La banda arriva al Monumento. Si ferma. Dopo un attimo di silenzio attacca l’Inno di Mameli. Paperino lo canta a bassa voce. I vigili con la mano destra tesa sul lato della testa salutano. Finisce l’inno. Applauso. La Banda riparte e Paperino sempre davanti.
Passando sulla fiumare mi torna in mente “Anna del pesce” “Anna i dentici” (e non Anna Identici diceva Piombino al secolo Osvaldo rivolgendosi all’amata compagna di vita nella pescheria lungo la fiumara “i dentici mettili più indietro nel banco”).

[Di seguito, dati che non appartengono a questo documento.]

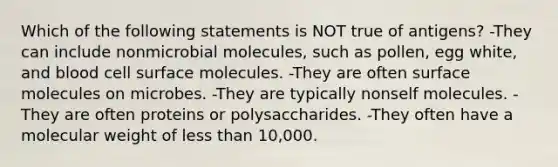 Which of the following statements is NOT true of antigens? -They can include nonmicrobial molecules, such as pollen, egg white, and blood cell surface molecules. -They are often surface molecules on microbes. -They are typically nonself molecules. -They are often proteins or polysaccharides. -They often have a molecular weight of <a href='https://www.questionai.com/knowledge/k7BtlYpAMX-less-than' class='anchor-knowledge'>less than</a> 10,000.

La vita di Piombino è stata molto avventurosa. Si racconta che, da ragazzo, trovato a letto con una donna sposata dal marito rientrato in anticipo a casa, per non farsi riconoscere si sia buttato giù da una finestra e che per lo spavento gli siano venuti in gioventù tutti i capelli bianchi.
Quella dei capelli bianchi venuti in gioventù ai pescatori è comunque una leggenda metropolitana. Infatti ricordo che anche mio suocero Pietro raccontasse di aver ricevuto in dono i capelli bianchi da giovane dopo una disgrazia capitata in mare.
Anna era disponibile ad assecondare le nostre richieste di bimbi. “Anna me le dai due sarde per pescare? Però i soldi non ce l’ho”. “Si però se prendi una spigola me la porti e io te la pago scalando il costo delle sarde”. Rispondeva scherzando. Tanto sapeva che io avrei pescato solo bavose e ghiozzi.
Mi rammento anche di uno scherzetto che alcuni “vitelloni” avevano fatto proprio a Paperino. Appostati sulla Terrazza da Iride avevano messo in terra in bella vista sulla fiumara un portafoglio legato con un filo da pesca. Avevano poi nascosto un altoparlante nella stessa zona collegato ad un microfono.
Aspettavano che qualcuno passasse. Passò proprio lui, di ritorno da qualche incombenza in Comune per la pro-loco. Vide il portafoglio, si guardò intorno e fece per raccoglierlo, i ragazzi tirarono il filo e lo fecero sfilare via. Paperino si guardò intorno stupito. Fu allora che intervenne la voce diffusa dall’altoparlante: “queste cose non si fanno…” Paperino si allontanò velocemente, sali sulla vespa parcheggiata poco più avanti e si dileguò.
La banda suona ora un motivetto orecchiabile. I ragazzi che seguono accennano ad un balletto. Tutti sorridono. Per quel giorno la banda è la felicità.